Instructions to follow
The expected output is exactly the lines below, starting at the line with "Mount Conner - FooluruMost" and ending at the line with "South Beach House", both included; no other line belongs in it.

──────── Data records

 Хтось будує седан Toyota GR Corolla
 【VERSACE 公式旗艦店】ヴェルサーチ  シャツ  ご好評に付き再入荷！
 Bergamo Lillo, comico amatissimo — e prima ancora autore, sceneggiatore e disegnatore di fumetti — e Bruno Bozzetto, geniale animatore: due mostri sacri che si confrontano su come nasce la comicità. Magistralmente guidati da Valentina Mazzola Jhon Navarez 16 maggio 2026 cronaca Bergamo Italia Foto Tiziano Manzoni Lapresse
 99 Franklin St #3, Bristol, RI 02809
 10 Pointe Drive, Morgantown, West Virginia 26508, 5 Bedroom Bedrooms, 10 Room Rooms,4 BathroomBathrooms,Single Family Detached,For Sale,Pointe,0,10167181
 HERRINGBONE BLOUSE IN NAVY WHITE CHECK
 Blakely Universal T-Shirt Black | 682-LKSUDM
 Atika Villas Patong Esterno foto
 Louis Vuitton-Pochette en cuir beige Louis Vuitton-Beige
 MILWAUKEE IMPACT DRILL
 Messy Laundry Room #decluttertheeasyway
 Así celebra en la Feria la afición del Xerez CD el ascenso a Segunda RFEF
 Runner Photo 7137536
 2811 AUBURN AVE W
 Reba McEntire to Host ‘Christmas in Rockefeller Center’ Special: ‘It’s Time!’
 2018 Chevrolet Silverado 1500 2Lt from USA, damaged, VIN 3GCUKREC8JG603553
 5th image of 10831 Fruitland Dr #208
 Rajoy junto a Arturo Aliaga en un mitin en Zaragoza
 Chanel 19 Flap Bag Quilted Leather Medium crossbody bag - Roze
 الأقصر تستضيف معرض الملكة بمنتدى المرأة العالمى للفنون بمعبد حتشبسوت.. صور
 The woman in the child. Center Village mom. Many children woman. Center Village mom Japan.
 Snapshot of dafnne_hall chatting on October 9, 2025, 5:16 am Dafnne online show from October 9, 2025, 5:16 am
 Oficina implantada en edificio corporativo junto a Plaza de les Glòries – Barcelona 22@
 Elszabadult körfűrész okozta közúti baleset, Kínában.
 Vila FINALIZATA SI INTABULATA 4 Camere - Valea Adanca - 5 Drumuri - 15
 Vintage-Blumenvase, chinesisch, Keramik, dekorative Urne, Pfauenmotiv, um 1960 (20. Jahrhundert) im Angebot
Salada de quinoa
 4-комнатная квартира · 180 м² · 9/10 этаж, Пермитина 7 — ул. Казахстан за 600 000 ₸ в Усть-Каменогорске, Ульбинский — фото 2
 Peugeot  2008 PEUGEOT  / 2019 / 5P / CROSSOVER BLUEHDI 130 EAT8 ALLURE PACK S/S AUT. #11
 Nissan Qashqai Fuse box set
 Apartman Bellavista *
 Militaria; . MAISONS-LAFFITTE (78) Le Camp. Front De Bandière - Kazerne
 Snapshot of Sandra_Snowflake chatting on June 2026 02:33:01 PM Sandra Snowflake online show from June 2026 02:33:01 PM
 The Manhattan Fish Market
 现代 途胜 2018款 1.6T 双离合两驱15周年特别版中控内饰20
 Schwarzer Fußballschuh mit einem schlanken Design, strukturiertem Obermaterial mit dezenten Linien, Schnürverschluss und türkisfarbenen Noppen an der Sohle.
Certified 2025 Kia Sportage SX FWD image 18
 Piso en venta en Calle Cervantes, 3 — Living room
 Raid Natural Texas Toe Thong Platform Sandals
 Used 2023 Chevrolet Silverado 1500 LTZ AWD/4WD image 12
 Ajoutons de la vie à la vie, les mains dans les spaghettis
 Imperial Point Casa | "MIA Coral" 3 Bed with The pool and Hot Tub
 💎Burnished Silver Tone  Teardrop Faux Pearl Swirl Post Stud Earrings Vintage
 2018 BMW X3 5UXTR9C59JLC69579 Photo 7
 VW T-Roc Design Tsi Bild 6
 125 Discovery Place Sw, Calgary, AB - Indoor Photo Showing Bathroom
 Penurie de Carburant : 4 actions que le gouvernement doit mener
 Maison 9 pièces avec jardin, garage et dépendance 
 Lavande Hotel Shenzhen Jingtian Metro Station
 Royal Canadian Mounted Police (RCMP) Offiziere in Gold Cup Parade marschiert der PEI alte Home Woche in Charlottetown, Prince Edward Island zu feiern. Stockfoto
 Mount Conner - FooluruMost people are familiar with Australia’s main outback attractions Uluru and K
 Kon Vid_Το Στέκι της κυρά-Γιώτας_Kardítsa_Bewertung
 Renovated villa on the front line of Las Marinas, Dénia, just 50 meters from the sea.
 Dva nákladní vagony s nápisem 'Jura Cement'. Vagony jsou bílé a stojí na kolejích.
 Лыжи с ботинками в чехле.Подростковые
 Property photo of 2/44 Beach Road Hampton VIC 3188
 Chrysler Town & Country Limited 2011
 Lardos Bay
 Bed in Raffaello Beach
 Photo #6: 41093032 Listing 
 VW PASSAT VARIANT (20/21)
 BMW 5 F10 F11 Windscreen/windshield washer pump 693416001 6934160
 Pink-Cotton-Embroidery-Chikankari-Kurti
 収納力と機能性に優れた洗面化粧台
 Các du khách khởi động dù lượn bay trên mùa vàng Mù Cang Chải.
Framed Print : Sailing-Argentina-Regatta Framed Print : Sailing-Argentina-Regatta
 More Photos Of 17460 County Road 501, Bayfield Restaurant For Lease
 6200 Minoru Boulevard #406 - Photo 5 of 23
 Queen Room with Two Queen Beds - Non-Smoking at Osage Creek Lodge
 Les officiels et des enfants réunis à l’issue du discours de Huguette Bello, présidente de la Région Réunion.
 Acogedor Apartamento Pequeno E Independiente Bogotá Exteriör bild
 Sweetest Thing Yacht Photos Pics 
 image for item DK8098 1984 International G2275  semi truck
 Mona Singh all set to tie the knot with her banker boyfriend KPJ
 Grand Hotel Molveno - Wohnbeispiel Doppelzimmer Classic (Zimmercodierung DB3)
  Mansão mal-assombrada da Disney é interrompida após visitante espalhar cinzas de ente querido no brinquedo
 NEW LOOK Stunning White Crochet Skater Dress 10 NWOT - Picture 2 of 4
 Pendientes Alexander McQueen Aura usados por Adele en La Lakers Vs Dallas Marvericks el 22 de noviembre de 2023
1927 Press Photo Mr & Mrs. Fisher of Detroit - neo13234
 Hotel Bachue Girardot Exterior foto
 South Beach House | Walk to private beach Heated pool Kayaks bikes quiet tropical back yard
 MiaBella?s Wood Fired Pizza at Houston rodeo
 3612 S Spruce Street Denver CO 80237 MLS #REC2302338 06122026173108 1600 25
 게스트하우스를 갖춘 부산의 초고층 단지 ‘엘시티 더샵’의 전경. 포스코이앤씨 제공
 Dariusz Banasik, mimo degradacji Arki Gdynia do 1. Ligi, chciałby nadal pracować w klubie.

────────────────

Reply
 Mount Conner - FooluruMost people are familiar with Australia’s main outback attractions Uluru and K
 Kon Vid_Το Στέκι της κυρά-Γιώτας_Kardítsa_Bewertung
 Renovated villa on the front line of Las Marinas, Dénia, just 50 meters from the sea.
 Dva nákladní vagony s nápisem 'Jura Cement'. Vagony jsou bílé a stojí na kolejích.
 Лыжи с ботинками в чехле.Подростковые
 Property photo of 2/44 Beach Road Hampton VIC 3188
 Chrysler Town & Country Limited 2011
 Lardos Bay
 Bed in Raffaello Beach
 Photo #6: 41093032 Listing 
 VW PASSAT VARIANT (20/21)
 BMW 5 F10 F11 Windscreen/windshield washer pump 693416001 6934160
 Pink-Cotton-Embroidery-Chikankari-Kurti
 収納力と機能性に優れた洗面化粧台
 Các du khách khởi động dù lượn bay trên mùa vàng Mù Cang Chải.
Framed Print : Sailing-Argentina-Regatta Framed Print : Sailing-Argentina-Regatta
 More Photos Of 17460 County Road 501, Bayfield Restaurant For Lease
 6200 Minoru Boulevard #406 - Photo 5 of 23
 Queen Room with Two Queen Beds - Non-Smoking at Osage Creek Lodge
 Les officiels et des enfants réunis à l’issue du discours de Huguette Bello, présidente de la Région Réunion.
 Acogedor Apartamento Pequeno E Independiente Bogotá Exteriör bild
 Sweetest Thing Yacht Photos Pics 
 image for item DK8098 1984 International G2275  semi truck
 Mona Singh all set to tie the knot with her banker boyfriend KPJ
 Grand Hotel Molveno - Wohnbeispiel Doppelzimmer Classic (Zimmercodierung DB3)
  Mansão mal-assombrada da Disney é interrompida após visitante espalhar cinzas de ente querido no brinquedo
 NEW LOOK Stunning White Crochet Skater Dress 10 NWOT - Picture 2 of 4
 Pendientes Alexander McQueen Aura usados por Adele en La Lakers Vs Dallas Marvericks el 22 de noviembre de 2023
1927 Press Photo Mr & Mrs. Fisher of Detroit - neo13234
 Hotel Bachue Girardot Exterior foto
 South Beach House | Walk to private beach Heated pool Kayaks bikes quiet tropical back yard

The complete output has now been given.